AnthropicがClaude Codeの認証トークン(OAuthキー)を自社ツール専用に制限したことで、Open Clawをはじめとするサードパーティ製AIエージェントが事実上排除された。月額200ドルの定額プランを利用して無制限にエージェントを稼働させるという使い方が封じられた形であり、開発者コミュニティには激震が走っている。OpenAIはこの機を逃さず外部利用を明示的に許可し、大規模な移行の波が始まりつつある。本動画はこの一連の経緯と業界への影響を解説したものである。

事態の概要
ついにその日が来てしまいました。多くの人が恐れていたことが、まさに今日、本格的に展開されています。AnthropicがOpen Clawに対してBANの鉄槌を下したんです。

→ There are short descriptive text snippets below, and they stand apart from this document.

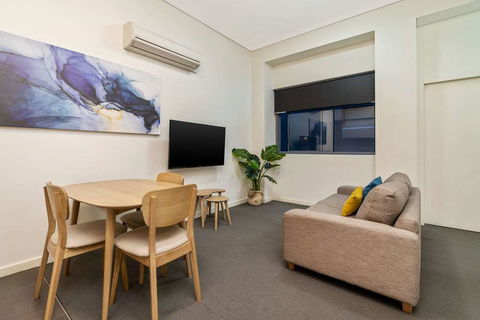 Terminus Apartment Hotel, Ascend Coll - Your Accommodation 2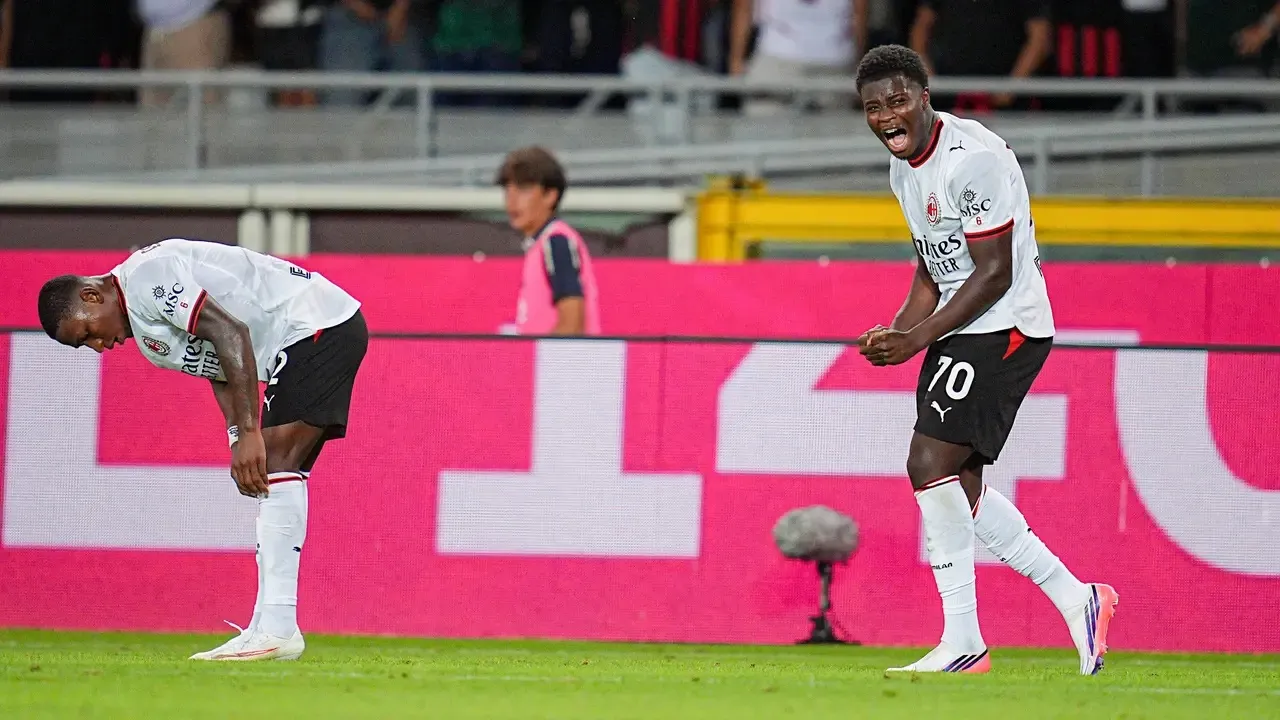 Alphadjo Cisse Bisa Jadi Solusi Internal, Milan Tak Cari Pengganti Leao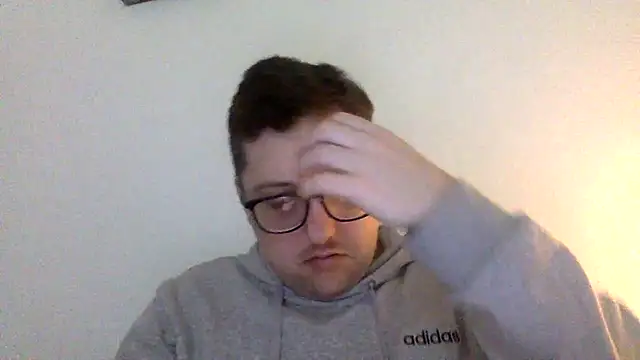 Snapshot of Milflover96 chatting on February 2025 06:32:02 PM Milflover96 online show from February 2025 06:32:02 PM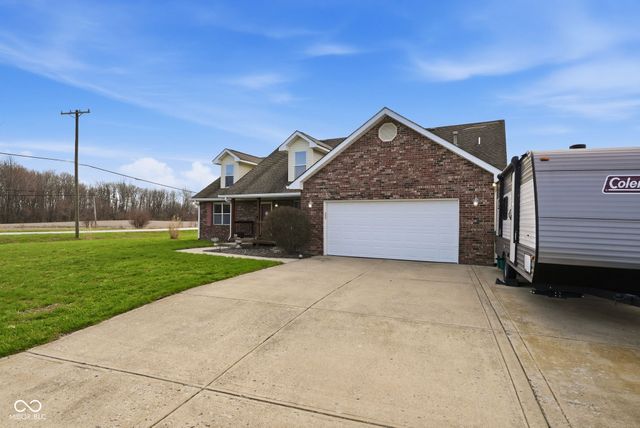 1027 S Teresa Drive, Martinsville, IN 46151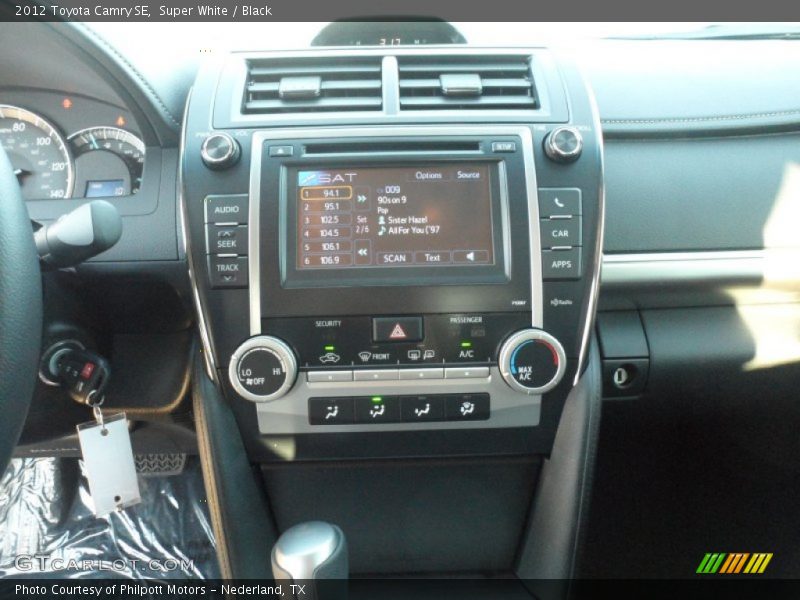Super White / Black 2012 Toyota Camry SE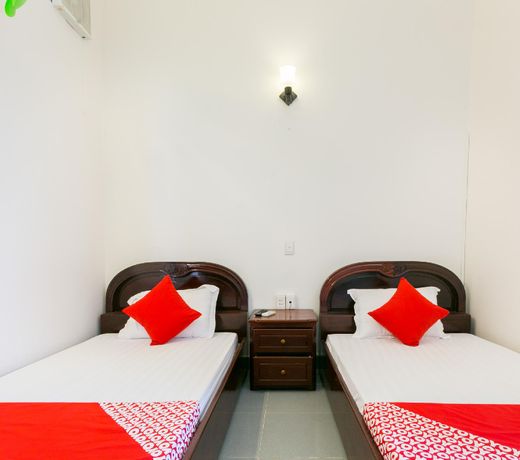 OYO 692 Trang Pham Hostel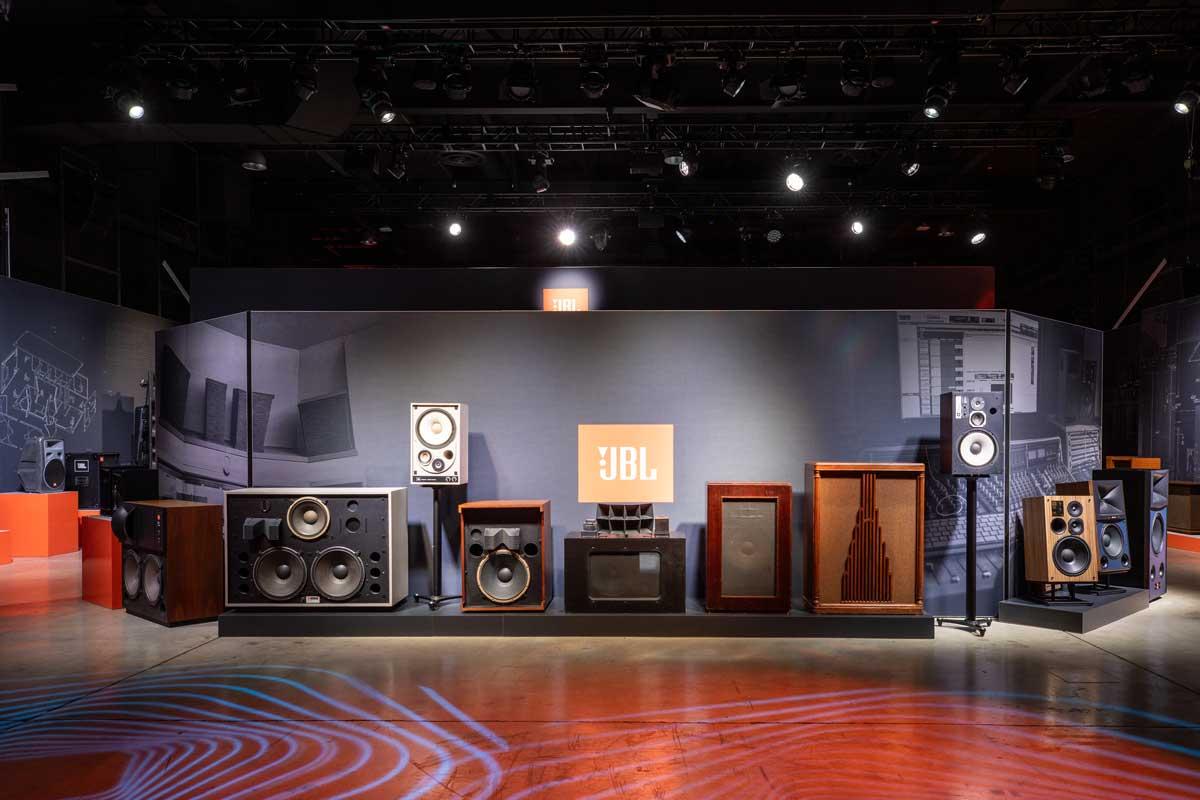 Celebración JBL innovación en sonido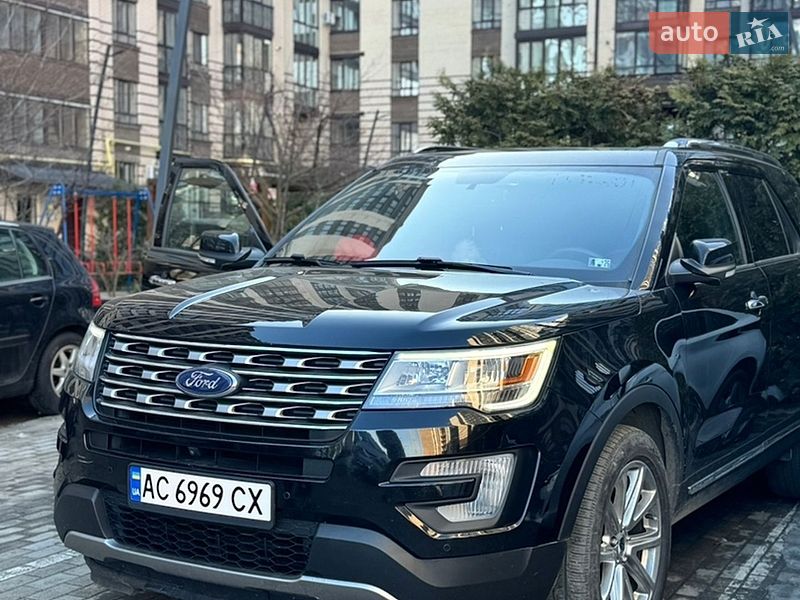 Внедорожник / Кроссовер Ford Explorer 2017 в Луцке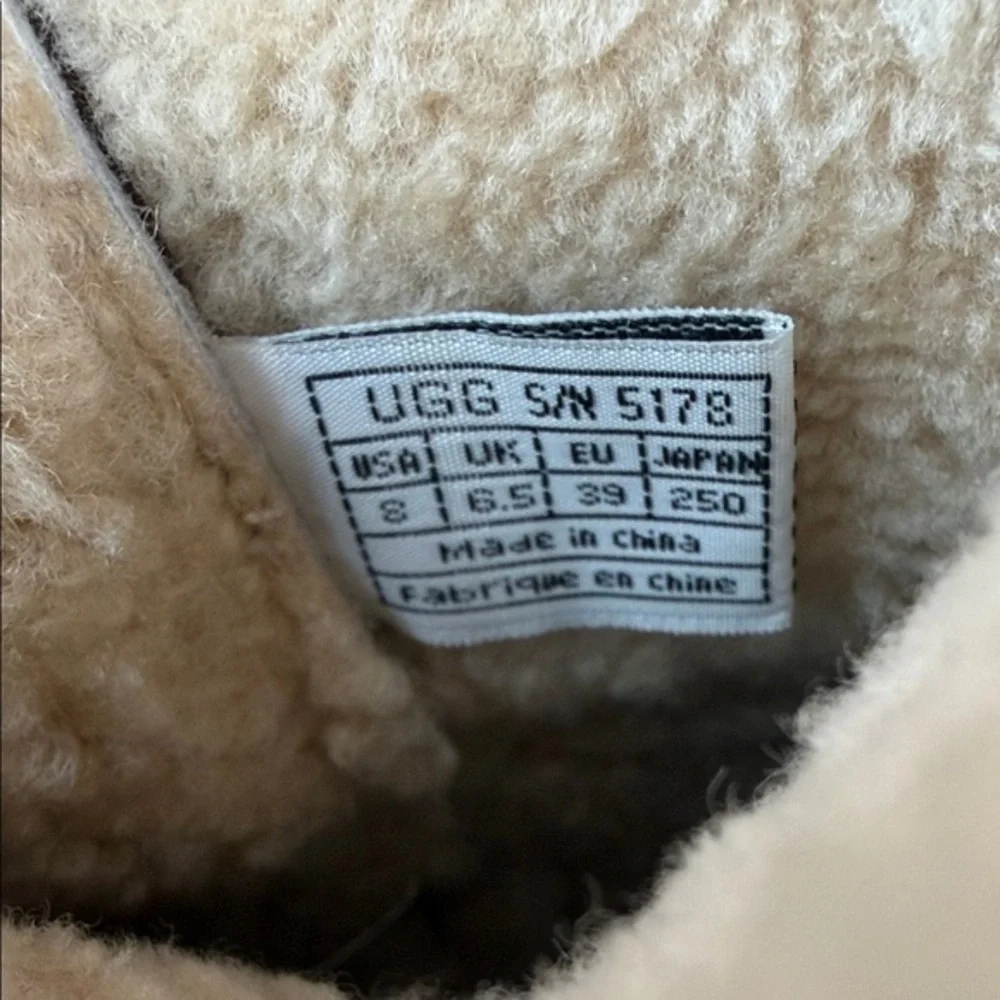 UGG Cove‎ Women's Chocolate Brown Shearling Boots Size 8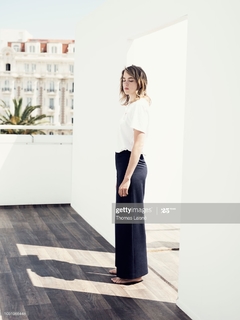 Adele Haenel feet photo 6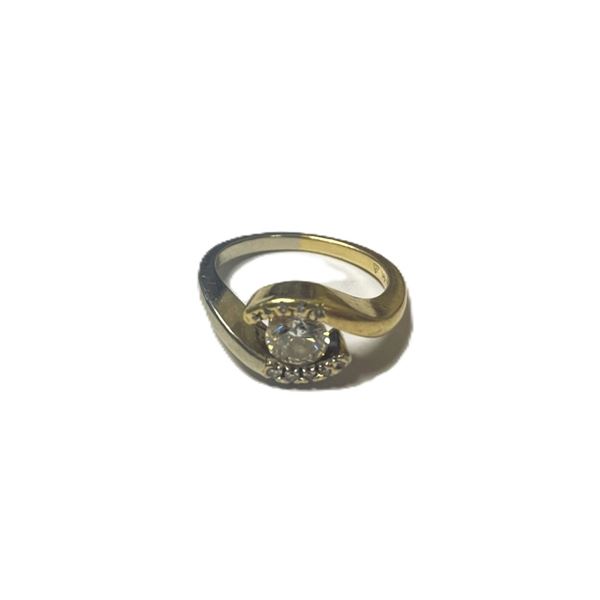 Gold Ring , Size 8 , 14KT, With Diamond,  half white gold and half yellow gold , 5.6 grams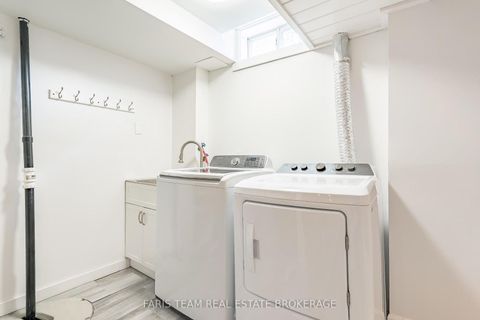 Photo 22 at 64 - 165 Kozlov Street, West Bayfield, Barrie
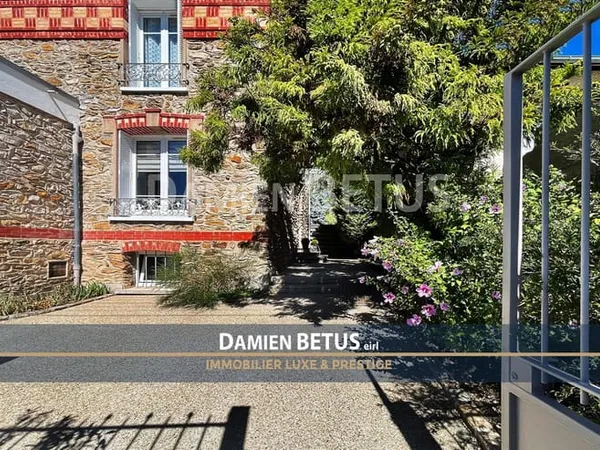 Maison à vendre 6 pièces VAUX-LE-PÉNIL, proche de MELUN (77), meulière, charme, calme, jardin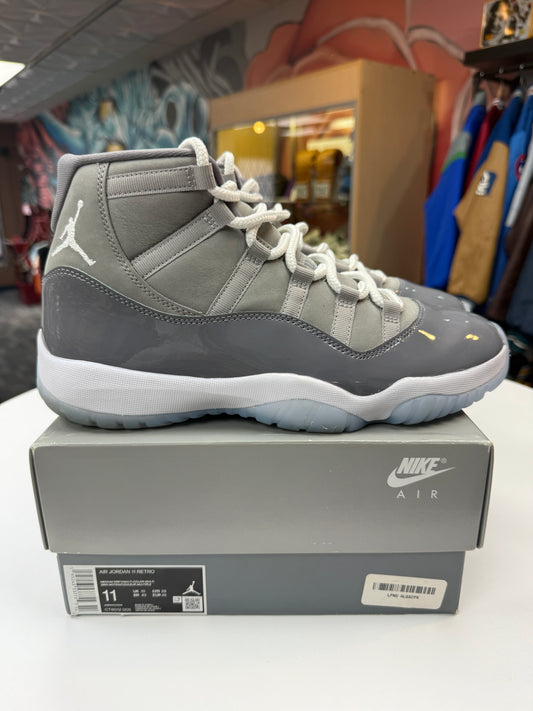 Preowned Cool Grey Jordan 11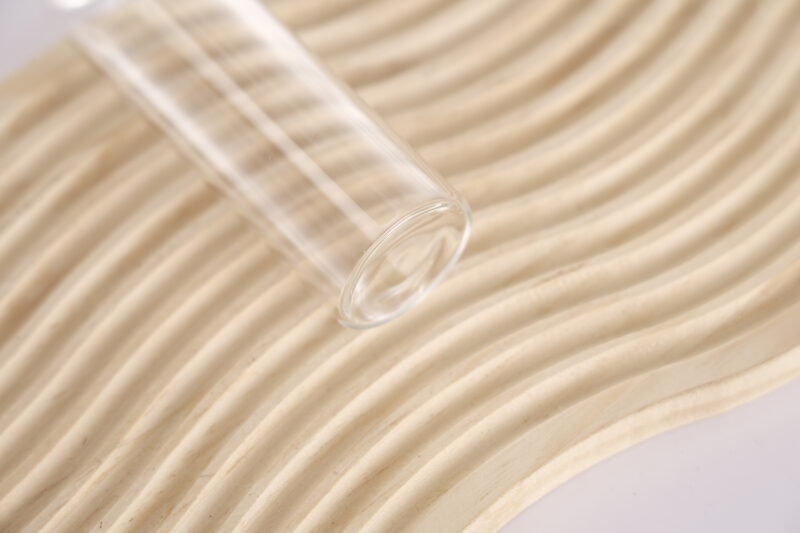 Various Sizes of Borosilicate Tubular Glass Vials Comparison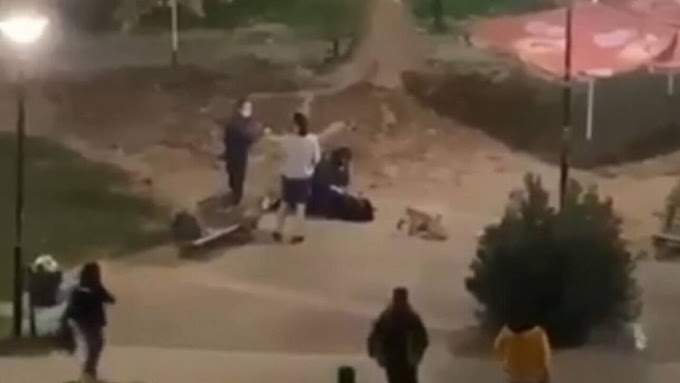   Καρδίτσα: Εικόνες ντροπής - Αστυνομικός ρίχνει στο έδαφος νεαρή κοπέλα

「いったい何のこと?」と思っている方も多いと思うので、順を追って説明していきましょう。
Open Clawとは何か
最近、AnthropicのようなAIプロバイダーの大規模言語モデルを使ったAIエージェント、いわゆるエージェンティックループを構築しようとする試みが急増していました。数多くのツールが登場した中で、最大のものがOpen Clawです。もともとはClawdbotという名前で始まり、その後Maltbotに変わり、さらにOpen Clawへと変遷してきたツールです。その開発者であるPeterは最近、いわゆるアクハイヤー(人材獲得目的の買収)によってOpenAIに移籍しました。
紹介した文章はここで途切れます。